Mid-discussion at SRCCON 2015. (photo/Erik Westra)

If you’ve never presented at a conference with facilitators instead of speakers before, you’re in for a treat. Facilitation is a much more interactive way of running sessions at conferences, and when done well, both the facilitator and the attendees walk away feeling inspired, motivated, and like they’ve learned a lot from everyone in the room.

So how do you make that happen? Here are my three biggest pieces of advice:

1. Create activities that enable the entire audience to both teach and learn

Everyone in the room has something different to offer, so take full advantage of all your attendees’ backgrounds and experiences. Give them a chance to learn from each other.

One masterful way I’ve seen this done was in a 2014 SRCCON session about how we could redesign the newsroom, facilitated by Tom Meagher. Tom had everyone stand in a circle, and asked a series of questions about our newsrooms and our jobs. Each time, if you answered yes, you stepped forward. Sometimes, discussion followed. Here’s an example question: “Who here thinks their job description actually describes their job?”

A few amazing things happened:

  • Tom had batches of questions that would follow each other, so eventually we formed multiple rings of people, some who had stepped forward once or twice and then stopped, and others who had said yes every time.

  • Participants, myself included, jumped in with our own questions that we wanted the room to answer, which also prompted amazing cross-newsroom discussions.

And what did everyone learn?

  • Which concerns were shared by literally everyone there
  • Who was in a different position compared to everyone else
    • If it was a position we wanted our newsrooms to be in, what can that person share that would help the rest of us get there?
    • If it was a bad position, how can the rest of us help him/her change their newsroom for the better?

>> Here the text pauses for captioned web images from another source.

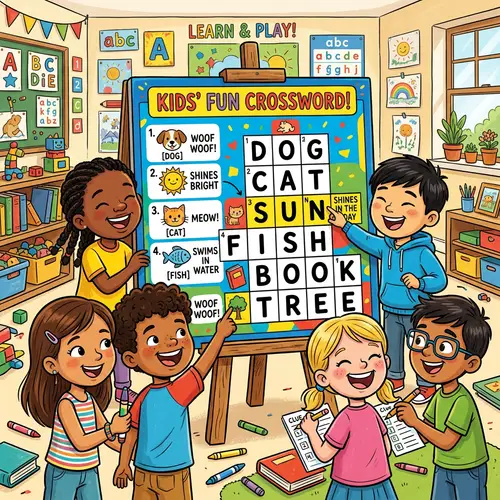 Colorful Crossword Puzzle Game for Kids | Educational and Fun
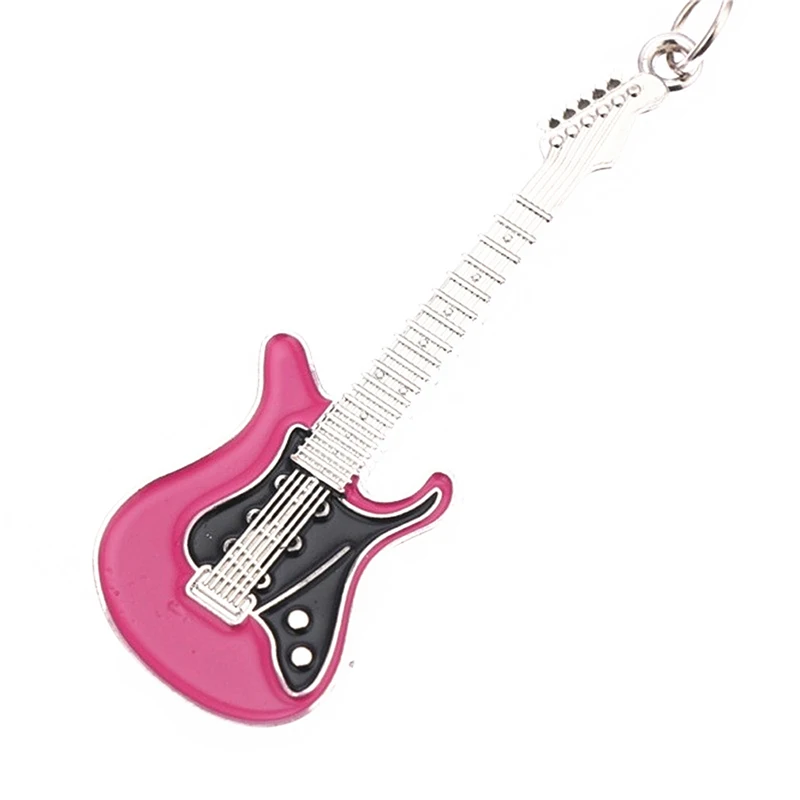 Креативный модный музыкальный подарок брелок металлический блестящий брелок-гитара подарок модный кулон унисекс модные аксессуары - Цвет: Rose Red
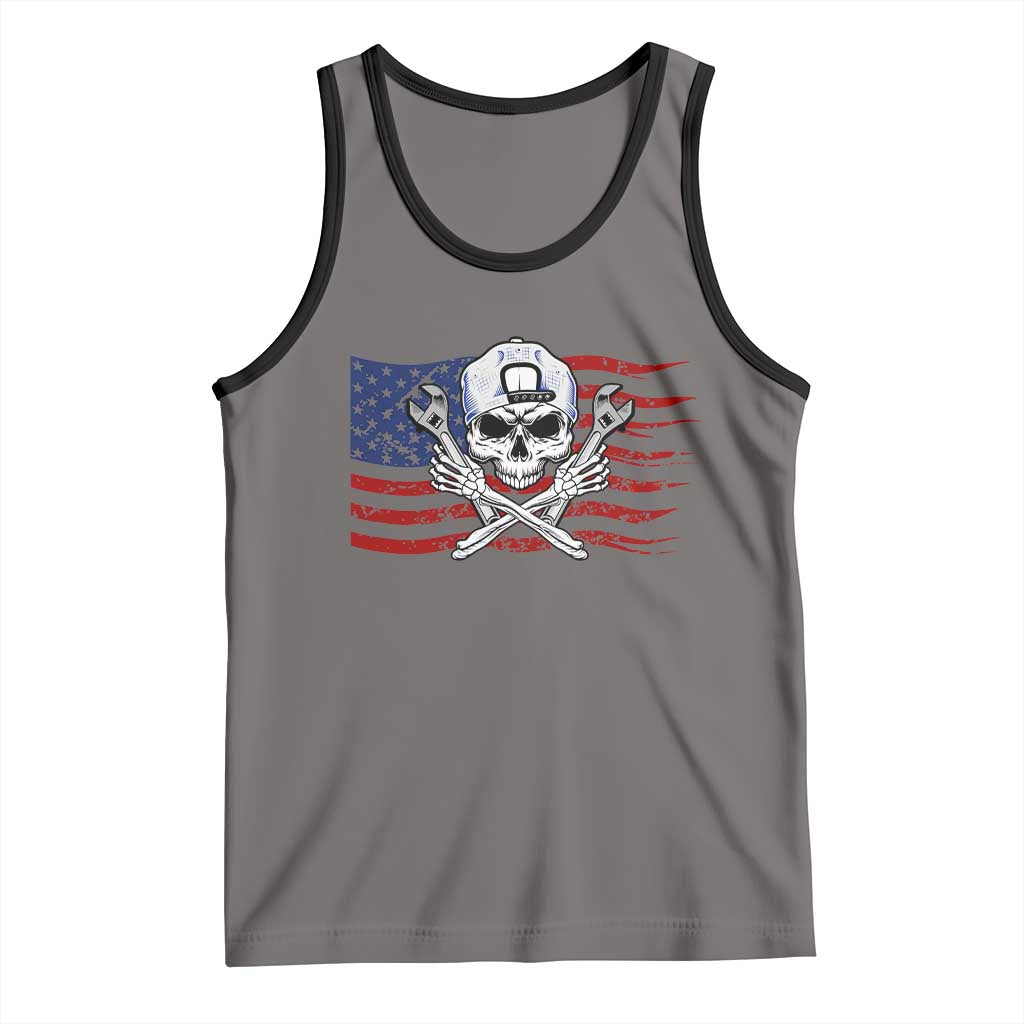 Skeleton Mechanic Tank Top American Flag Patriotic Car Repair TS14 Deep Heather Black Print Your Wear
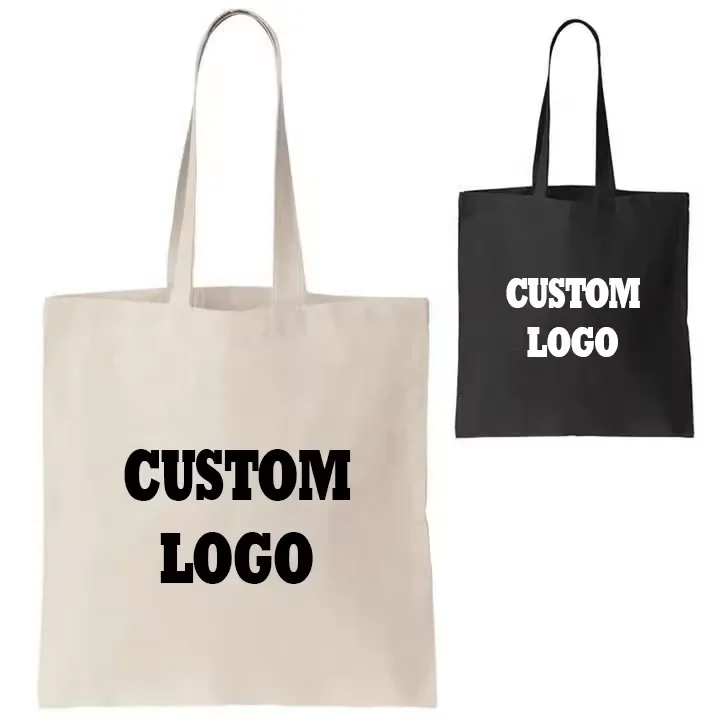 Custom Logo Size Printed Eco Friendly Recycled Reusable Plain Blank  Double Shoulder Cotton Canvas  Shopping Tote Bag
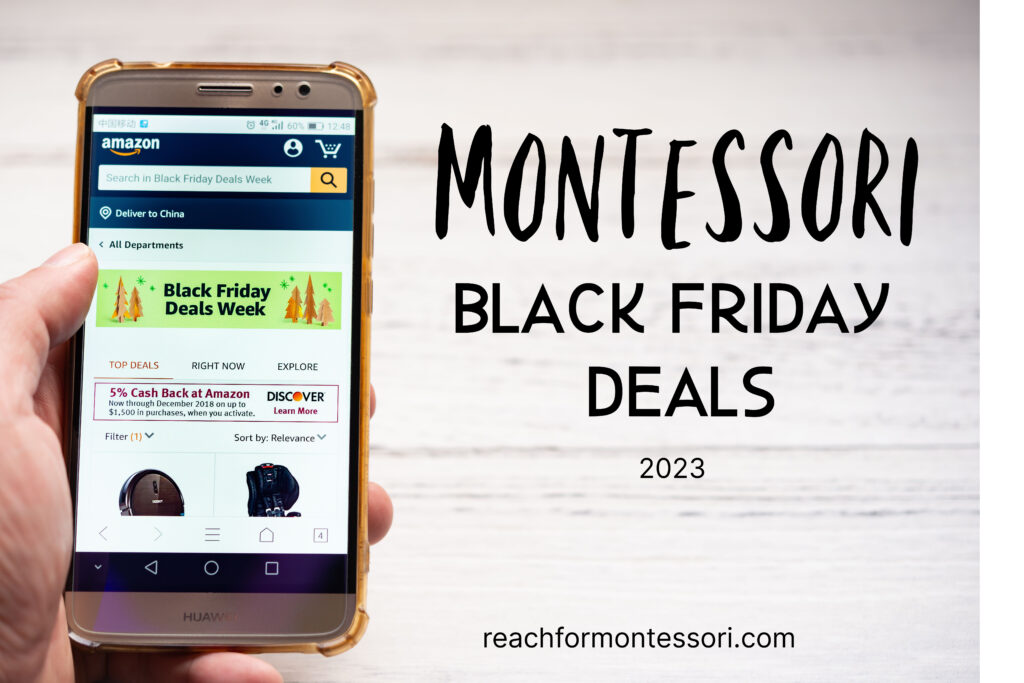 image of hand holding phone and text overly that reads Montessori black friday deals 2023.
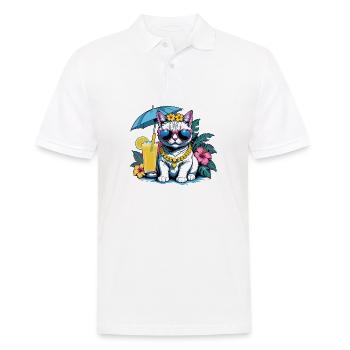 Cat Vacation Vacation Cat Vacation Hawaii Island Sea - Men's Polo Shirt - white - Front - Kai (181cm)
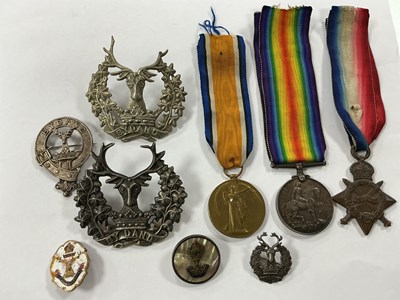 Lot 527 - WWI Gordon Highlanders Medal Trio 1914-15 Star...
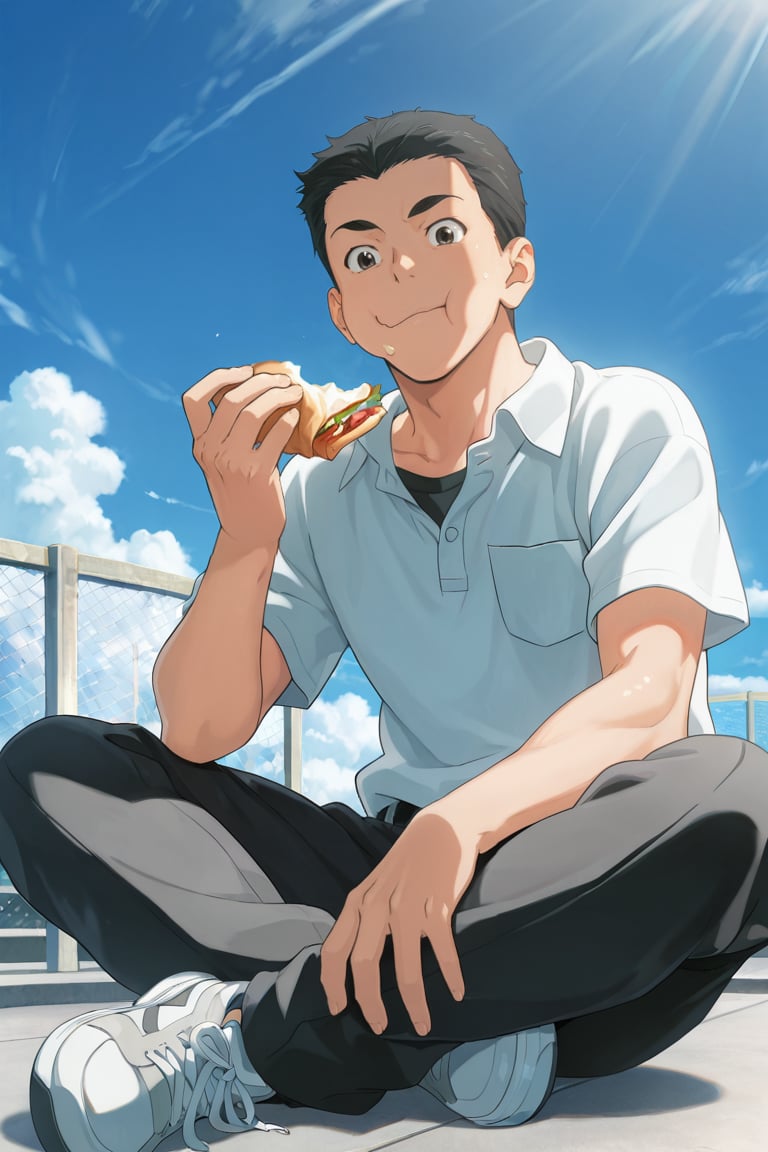Kouichirou Sugiyama,  very short hair,  black hair by ☺ on Tensor.Art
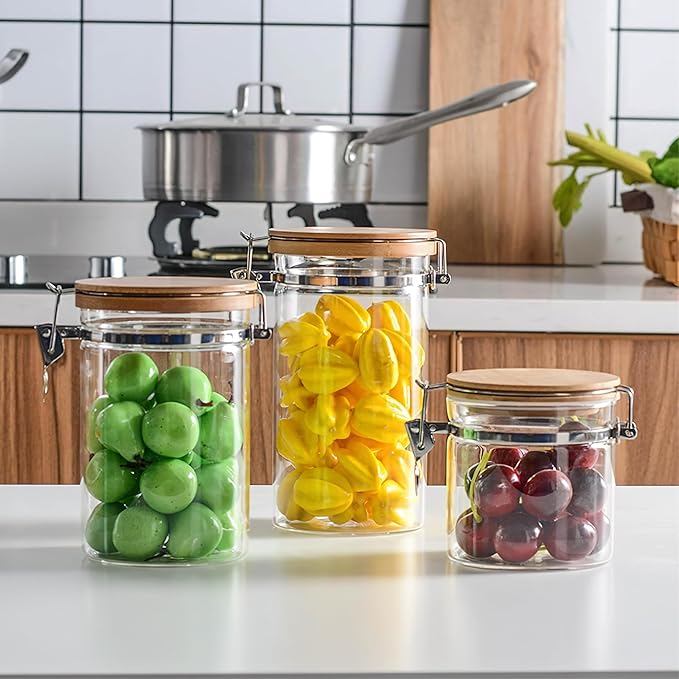 36 oz/1050ml Clear Glass Storage Canister with Airtight Bamboo Lid, Medium Decorative Container Jar for Coffee Spice Candy Salt Tea Cookie Condiment Pepper Sugar Overnight Oatmeal Snacks
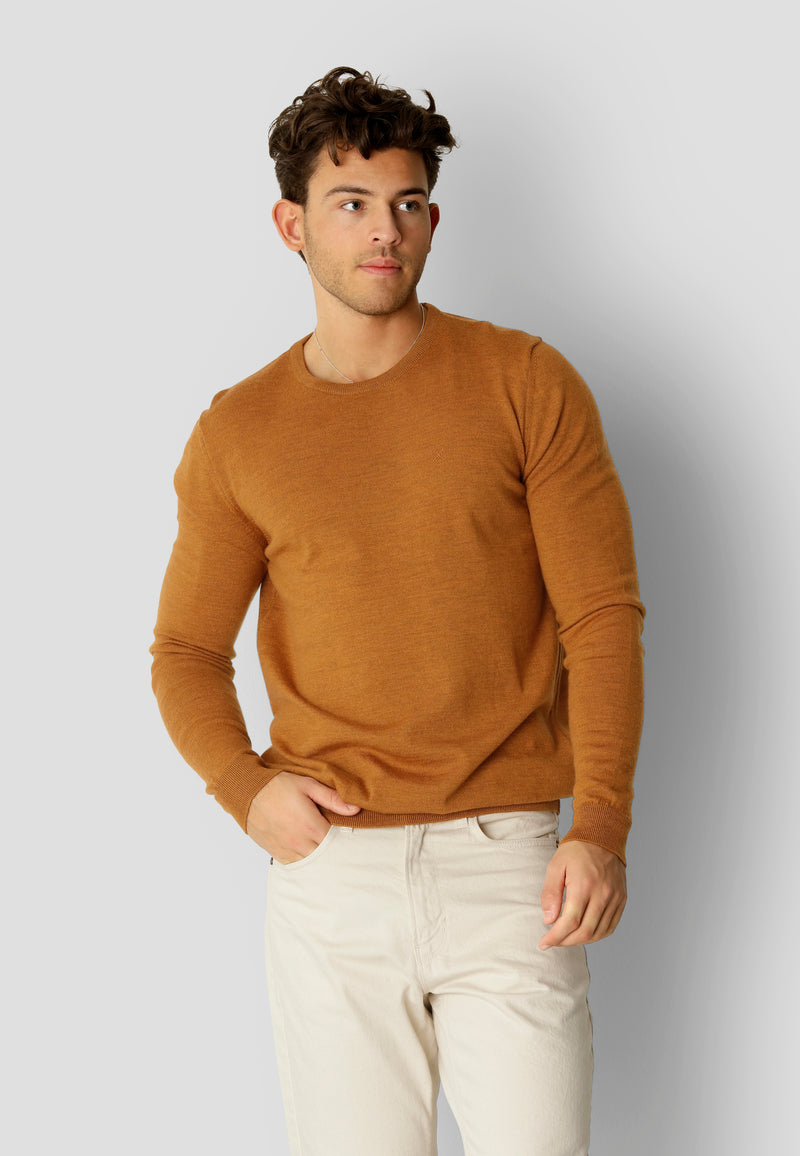 Clean Cut Copenhagen Merino knitted jumper Knit Bronze Melange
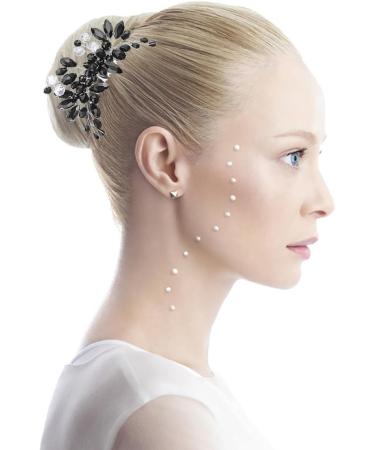 Black Crystal Bridal Hair Comb - Wedding Rhinestone Side Clip for Bride Prom Girl - Handmade Fashion Accessory - Buy Online on GoSupps.com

2. Does your session include controversy? Put people in the heart of it.

People are going to come to your session because they want to either (1) hash it out, (2) be convinced one way or another, or (3) learn what all the fuss is about. Your job is to make sure the discussion everyone wants to see actually happens.

One way to do this, is to give people different (and potentially trying) scenarios, and ask them to vote on how they would act. Then, after the exercise, facilitate a discussion over the actions and their consequences.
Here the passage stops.